Car Xavier Lemaire s’est adjoint les services de deux trublions. Deux techniciens qui installent petit à petit les décors, en un numéro de clowns bien huilés, expliquant au passage leur fonction de petites mains de l’ombre pourtant si essentielles. Et deux trublions qui vont se transformer en deux comédiens, pour incarner, sur trois variations, la même scène du Médecin malgré lui de Molière. D’abord, comme elle était initialement écrite, avec costumes d’époque, course-poursuite effrénées, maquillages outranciers, accents de vieux français. Pour illustrer son propos sur l’art de la mise en scène et que d’une seule et même pièce, on peut en faire tout autre chose, Xavier Lemaire va ensuite en proposer une nouvelle version, moderne, façon Théâtre de l’Odéon : absence de décors, unité de costume (noir corbeau), lumières minimalistes aux néons et voici Molière désincarné, à l’humour absent (mais d’une force comique qui emporte tout, tout de même) et au propos atone.

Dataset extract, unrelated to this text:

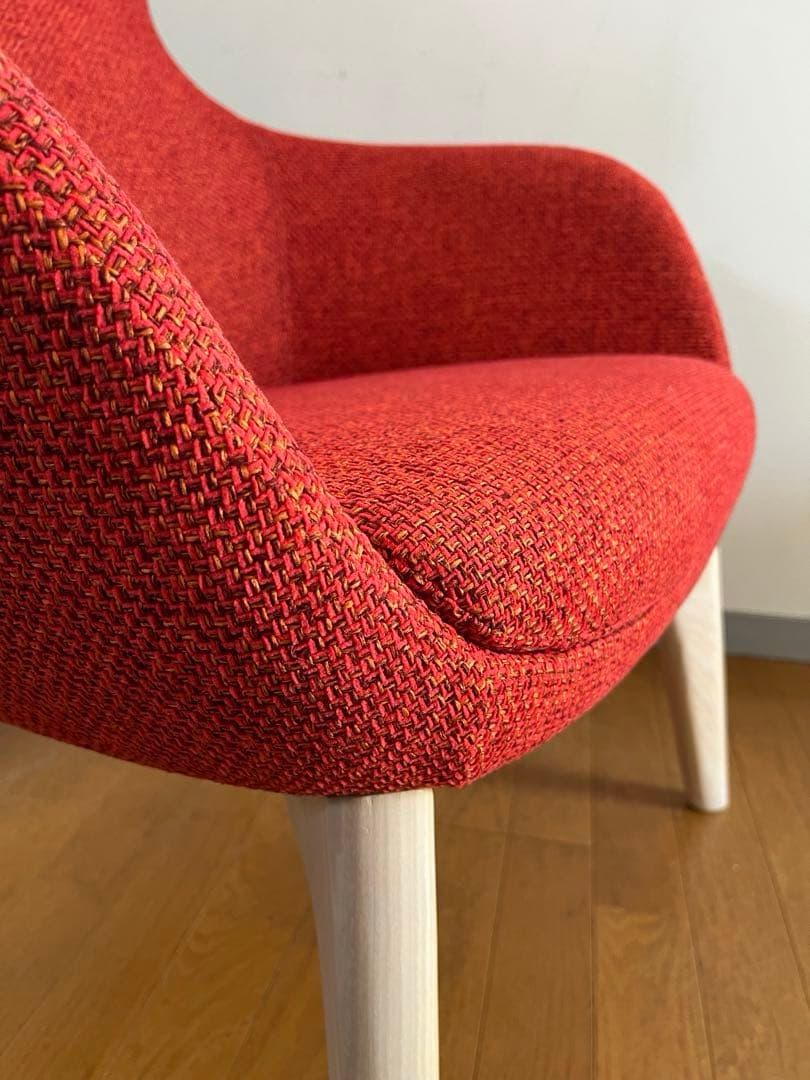 相合家具　QUEEN ラウンジチェア　21.5万　ミッドセンチュリー　北欧モダン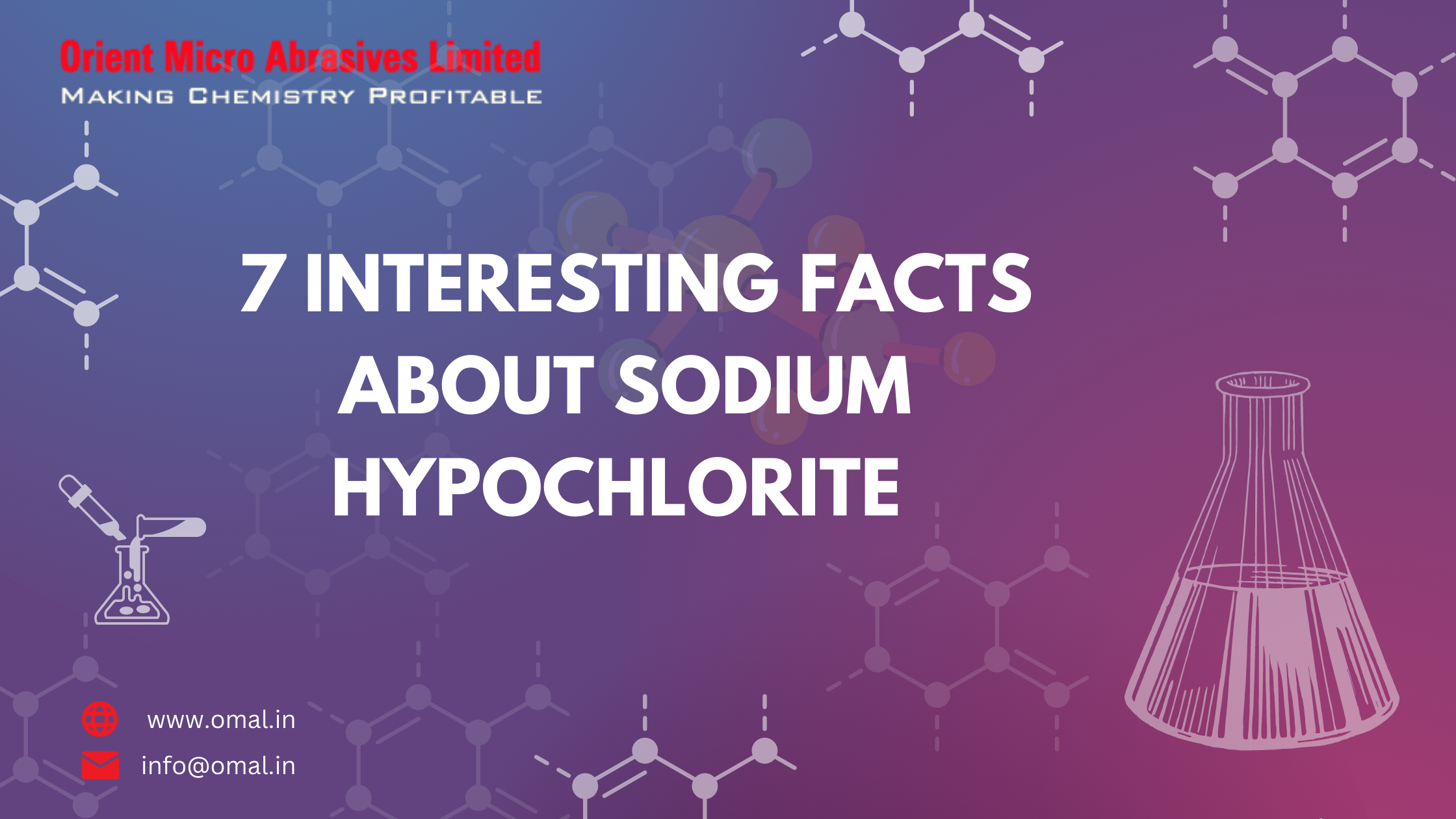 Facts About Sodium Hypochlorite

Enfin, après deux castings pour le moins étonnants (un comédien chevronné prétentieux et une apprentie comédienne qui ignore qu’il faut apprendre un texte), on en arrive à la dernière variation. Xavier Lemaire explique à ses deux comédiens ce qu’il attend d’eux : du réalisme à tout crin. De la petite maison champêtre de la première version, voici une décharge jonchée de détritus et de canettes de bière vides. D’une course-poursuite comique, on en vient à une scène de ménage cruelle, avec coups et crachats. Molière a fini de faire rire. Et pourtant, il s’agit du même texte, à la virgule près. Seules les indications de mise en scène ont changé…

Si Zig Zag est une telle réussite, c’est surtout grâce à ces deux comédiens qui interprètent encore et encore la même scène avec une énergie redoutable. Ce sont eux qui font véritablement le sel de ce spectacle, car il n’est pas le premier et ne sera pas le dernier, à montrer qu’une pièce de théâtre change du tout au tout quand on en modifie les intentions. Eux, ce sont donc Isabelle Andreani et Franck Jouglas. Leur complicité et leur talent à se fondre dans des personnages à la fois semblables et différents, en font l’attraction et l’essence, d’une conférence décidément pas comme les autres…
Zig Zag, au Petit Montparnasse, jusqu’au 4 mars 2018.